De fato, o que a direita brasileira conservadora; encoberta pelo véu da moral burguesa e visceralmente ligada ao grande capital; traz agora, em suas reformas trabalhistas e previdenciárias, é uma restauração neoliberal, herdada de Thatcher, Reagan e Kohl; legitimada intelectualmente como “ciência”, quando na verdade significa um conhecimento servil, deletério e nefasto para qualquer democracia. Entretanto, faz sentido para justificar moralmente o aniquilamento dos pobres pelos ricos. Produziu-se dentro dessa ordem neoliberal uma série de políticas sociais compensatórias para contrapesar o desmonte do estado de bem estar social, criando na população a sensação de viver dentro de uma grande sociedade justa e igualitária. Privatização, desregulamentação e terceirização em nome de uma nobreza moral, justificadas pelo discurso de que o estado não supre o ônus tributário e previdenciário.
Não existe imoralidade maior do que defender que a solução para o Brasil é o desmonte do Estado nacional, da legislação trabalhista, da redução do Estado brasileiro a uma condição mínima, sob a falsa justificativa de que esta dimensão mínima promoveria uma redução dos custos tributários, securitários e previdenciários. E ainda alegando, mentirosamente, que, com isso, entraríamos na excelência do livre mercado. E mais, que este “livre mercado” teria construído sozinho, por onde quer que tenha ocorrido, uma tal sociedade melhor. Quanta nobreza de propósitos, falsamente, se atribui ao dito “livre mercado”!  

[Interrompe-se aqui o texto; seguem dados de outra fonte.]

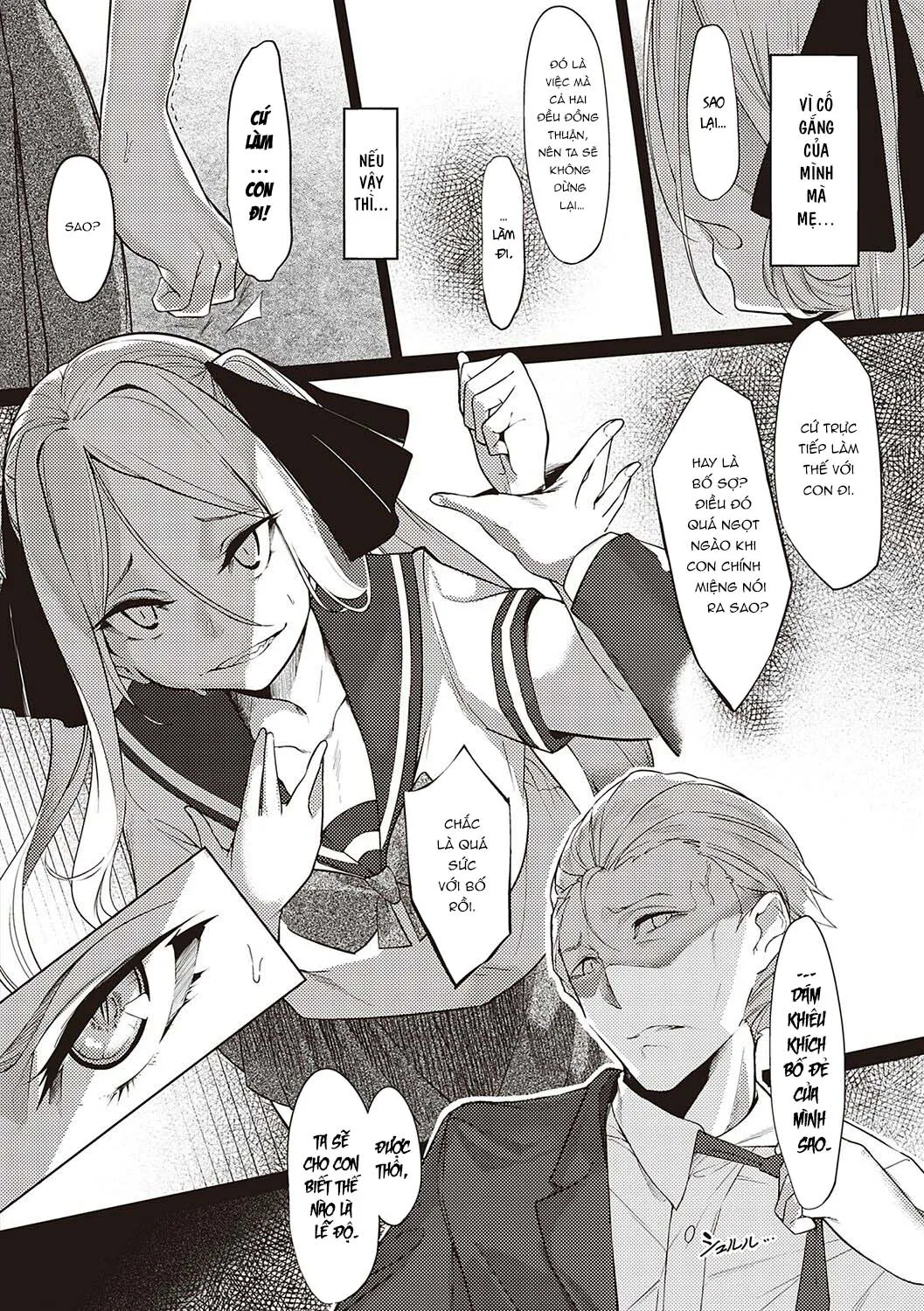 HentaiVN.net - Ảnh 11 - Ánh Mắt Cuồng Nhiệt!? [ネツレツ!?な瞳] - Chap 4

Em nenhuma das suas dimensões, o dito “progresso” humano a uma sociedade mais justa e igualitária pode ser explicado pelo laissez faire, pelo individualismo, pela competição exangue, pelo expontaneísmo do mercado, a mercê de suas forças. Ressalva-se aqui, que o mercado e a iniciativa privadas tem um papel na sociedade, são importantíssimos e centrais para o desenvolvimento social. Entretanto, o mercado deixado ao seu próprio sabor, guiado pelos seus próprios ventos, tende, pela sua própria natureza, distorcer-se, deformar-se. Livre, tenderá ao monopólio, ao oligopólio, à concentração, à exploração inumana do trabalho, à acumulação, à depredação do meio ambiente. Essa série de razões, nos levam a perceber que para que o mercado funcione, é preciso uma entidade, democrática, transparente e pública; controlada socialmente pelo conjunto da população, ou pelas suas maiorias, asseguradas as expressões das minorias na sua devida proporcionalidade. Toda vez que se verificou o dito “progresso” econômico e social sempre foi fruto de uma convergência estratégica entre Estados empoderados, mercados, e uma sociedade civil convergente, em torno de objetivos constituídos democraticamente.

O mercado, a justiça e a economia, em uma democracia, são uma questão política. E o que deve pautar a luta política é quem deve financiar, de que forma, e a que custo deve ocorrer o financiamento público, a justiça, a educação e a saúde; a seguridade e a previdência social. Não se trata de bem ou mal, mas de dever ou poder. A política representativa da democracia burguesa deve ser desvelada e fazer transparecer suas verdadeiras financiadoras. A justiça, e sobretudo a classe política portadora de mandatos não devem ser nem parecer os paladinos da moral, e muito menos desejar estar acima da lei; mas cumprir sua função pública de representar, defender os interesses de quem de fato deveriam ser o representante.